A P.J. Harvey-like grunge tone emanates from “Spinning”, which provides a partial answer to the question posed above. “There’s something about the way you look at me / That puts my restless thoughts at ease”, Kruger sings with a seductive tone. Despite her words, she still feels uncomfortable because “this skin I’ve known / But hasn’t felt like my own”. This love has turned into addiction and has consumed her.
From one great legend to another, Lucy Kruger & The Lost Boys channel Nick Cave and The Black Seeds on “Play”. Kruger’s whispery vocal hovers gently over the taut rhythms and mournful guitars. She sings about the power of love and its paralyzing effects. “If I could only move”, she repeats with hints of lust, desperation, and fear in her voice. Could the uncertainty that drips from her words be due to her not wanting to be confined to a single being or a single place?

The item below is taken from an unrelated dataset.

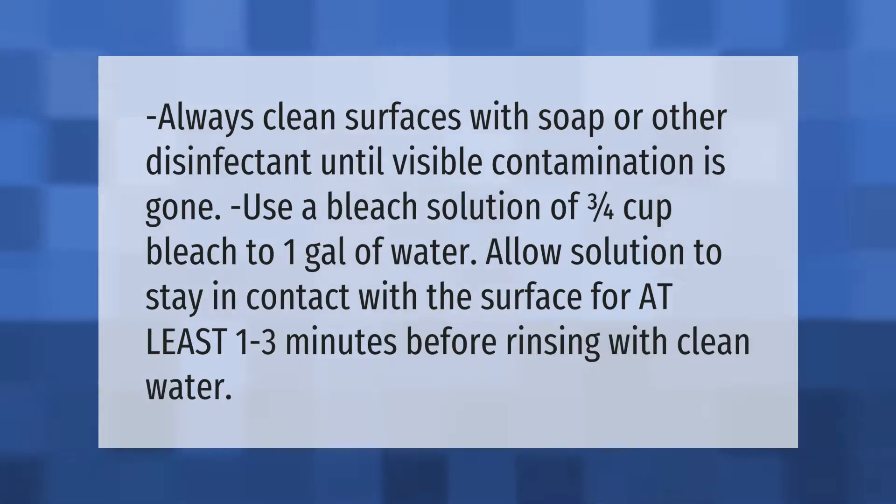Always clean surfaces with soap or other disinfectant until visible contamination is gone. Use a bleach solution of three-quarters cup bleach to one gallon of water. Allow the solution to stay in contact with the surface for at least one to three minutes before rinsing with clean water.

Because on the stunning gloominess of “Amsterdam”, she describes a night that is at first innocent but then turns into pain and possibly tragedy. Kruger fleetingly sings, “You lose the thing that you love / I don’t want the sun to split up the night / You are all of the light that I want to see.” The song then turns, as the guitars rise and a wonderful wall of Gothic intensity forms. Despite it all, Kruger cannot let go, as she reveals on the deliciously devouring, “Autobiography of an Evening”. Dark yet breathtakingly cinematic, the track is as hypnotic as a bonfire searing in the still night. Kruger’s voice, meanwhile, is both calm yet ominous, and she sounds like she is about to enter a life where night exists for eternity. That she is the sacrifice so that another person can feel power and liberation.
“The smallest hurricane
Has slipped between my lungs
Won’t you help me get it out
With a blade a breath a tongue
Let’s suck all the light
From the core of the night”
This theme of sacrifice is repeated on the slow stuttering of “Hold You Back”. As the song patiently builds, Kruger realizes that to love is to let go. She repeats, “Never wanna be the one / To hold you back”. The yearning to be held, to be wanted, though, eats away at her. On the cleverly-titled and pensive “Iscariot”, Kruger reveals how that person remains in her thoughts. But to win her back, will she break promises, which includes betraying others? Or will she ignore her deepest desires and, thus, betray herself?
Love, however, cannot be easily set aside. The beautifully morbid “Escape” sees Kruger fall further into the endless rabbit hold of despair and want. Her words are poetic yet vivid, as if she is writing a screenplay.
“Hold the wound under the water
Count to ten then breathe again
Lover once I was a daughter
Towards something more than”
Like the movies, there is a happy ending – or more like the possibility of one. On the LP’s closer, “Unpack”, Lucy Kruger & The Lost Boys set aside the dark, Gothic tones and deliver the equivalent of a lullaby. Mystery, however, still lurks behind every corner. For all we know, Lucy is still lost inside a memory, inside a thought. She leaves one lasting mark when she sings:
“When I’m here inside your room
It’s everything I choose
I’ve everything to lose
Fuck I’m so in love with you”
These are fitting words to an album that is absorbed in obsession and want. And for an album that will have listeners lusting to hear more from one of Europe’s most underrated talents.